Student Writeup

For this project, I built a small Julia reimplementation of the original Matexpridea.

In my first attempt, I wrote a lexer and parser to read user metadata from code annotations, similar to the original implementation. That approach quickly became tedious, and I realized that I had jumped into coding a little too quickly before fully understanding Julia macros. Once I took some time to deeper my understanding of how macros worked, it became clear that they were a much better fit for the project.

One major advantage is that Julia already parses code into an Expr tree. This let me focus on compiler passes instead of tokenization. Another advantage is that macro expansion produces ordinary Julia code. I could inspect generated functions with @macroexpand, run them directly in tests, and compare the results against standard Julia array operations.

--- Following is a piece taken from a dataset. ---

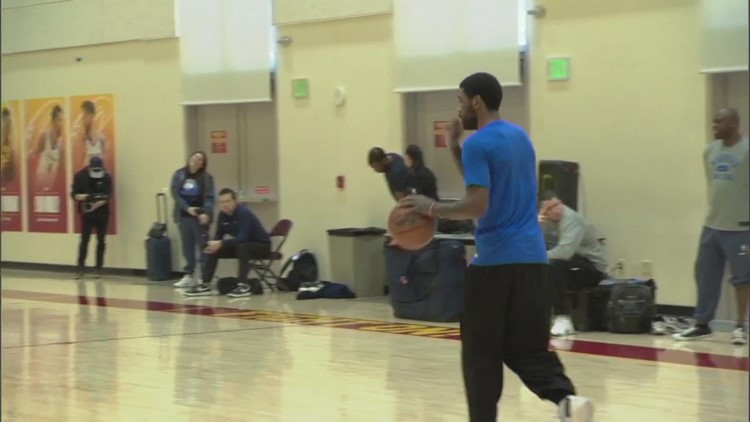 Mavs Kyrie Irving: All-Star guard has first practice with new team since trade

In my implementation, the user writes a normal Julia function, wraps it in @matexpr, and can add an @declare block to tell the compiler about input shapes and matrix structure.

Requirements Map

Here is how the implementation lines up with the project requirements:

Requirement	Where I implemented it
Julia macro interface	`@matexpr` and `@declare` in `src/macros.jl`
Expression normalization	`src/core` and `src/frontend/pipeline.jl`
Symbolic differentiation and AD mode selection	`src/frontend/diff.jl`
Shape and structure analysis	`src/analysis/structure.jl`
Fixed-size code generation	`src/backend/structured_codegen.jl`
Generic Julia lowering fallback	`src/backend/lowering.jl` and `src/backend/emit.jl`
Tests	`test/runtests.jl` and the focused test files
Timing script	`bench/benchmark.jl`
Documentation and writeup	`README.md` and `docs/src`

I also implementation some extra / potential A+ features!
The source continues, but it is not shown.